For SME owners wondering where to start to grow their business, consider exporting to Asia Pacific. The export market is brimming with opportunities: Asia Pacific Economic Countries (APEC) represent 76.8 percent of Australia’s top export markets[3], for instance. Notably, based on a five-year trend, exports to China, Singapore, Malaysia, Indonesia, Vietnam and Thailand have increased. FedEx commissioned research reflects the same trend. Intra-regional exports are the driving force for strong export growth, particularly in Asia Pacific[4] along with the latest Asian Development Bank (ADB) findings, which show that intra-Asia trade now accounts for 57 percent of total trade in the region[5].

SMEs not already tapping into the Asia Pacific region should begin mapping out a market entry strategy. With ongoing free trade agreements (FTAs) with the Association of South East Asian Nations (ASEAN) and other Asia markets, barriers of entry are considerably lowered.

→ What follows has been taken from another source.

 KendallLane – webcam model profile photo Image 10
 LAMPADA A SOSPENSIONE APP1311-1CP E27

Other growth prospects lie in existing trade opportunities. Lowered tariffs from existing FTAs will result in a profit boost. For instance, the China-Australia Free Trade Agreement (ChAFTA) has been in force for a year and has provided businesses significant expansion opportunities. The wine industry in Australia is already a beneficiary with tariffs down to 5.6 percent from an initial 14 percent and slated to hit zero by 2019. Tariffs were immediately removed from more than 86 percent of goods and will increase to 96 percent over time. If initial tariff rates were a hurdle when considering exporting, it would be wise to check if revisions have been made for your product.

Digitally savvy

Another aspect of SME optimism lies in the fact that small businesses today are more technology-savvy, well-connected, agile and able to hold their own on the world stage. Whether it’s e-commerce, m-commerce, social commerce, the cloud, search engine optimization, content management systems (CMS), e-payment technology or sophisticated logistics solutions, SMEs can quickly connect with more markets than ever before.

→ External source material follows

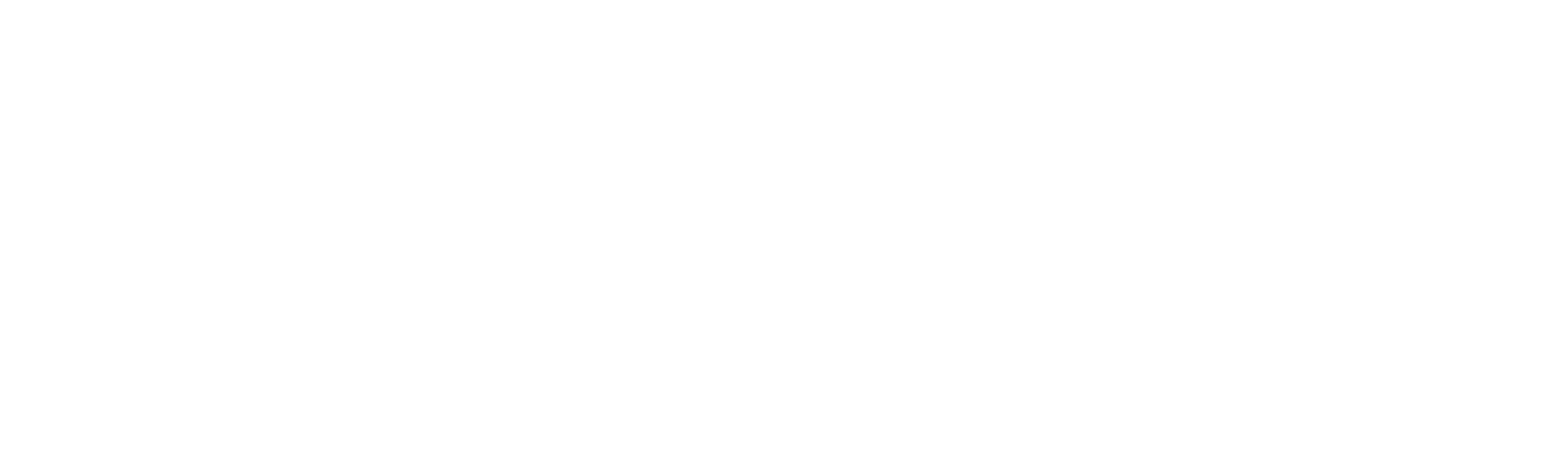 Fortec Logo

According to eMarketer, worldwide retail e-commerce sales reached US $1.915 trillion 2016[6]. And according to a McKinsey Global Institute Report, social tools will unlock US $1.3 trillion in business value.[7] In light of these facts, digital technologies are essential to attracting and retaining customers for SMEs.

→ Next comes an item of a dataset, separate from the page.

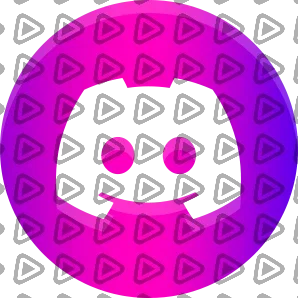 Zenith - Social Icon Discord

So too is the necessity to have an efficient supply chain – to enhance customer experience, win new customers and improve bottom lines. Maintaining high levels of customer satisfaction in a difficult business environment is tough, especially since over a third of SMEs cite increasing competition with foreign rivals as a major challenge.

That’s why investment in new technologies and an efficient supply chain is essential for small businesses in navigating and exploiting the ever-changing digital economy, and tapping into all the opportunities ahead in regional trade.

To start 2017 on a strong note, SMEs should keep in mind the following:

  1. Asia bound: Expand your business into Asian markets, particularly those with an FTA.
  2. Invest in digital commerce: Allow customers to choose from a range of options to suit their needs, including mobile and social transactions and multiple delivery choices.
  3. Build a network: Use local or international vendors to support your business; leverage their services, expertise and understanding on policies and regulations.
  4. Be present throughout the transaction: Ensure an end-to-end experience – from ordering to returns – to inspire loyalty and drive repeat business.
  5. Build a customer base by taking advantage of the opportunities the digital economy presents to enter markets where there are gaps in demand and supply.
  6. A well-oiled machine: Have a strong supply chain with the systems and processes in place to ensure all aspects of the business operate smoothly – from ordering and fulfilment, to distribution, delivery and returns.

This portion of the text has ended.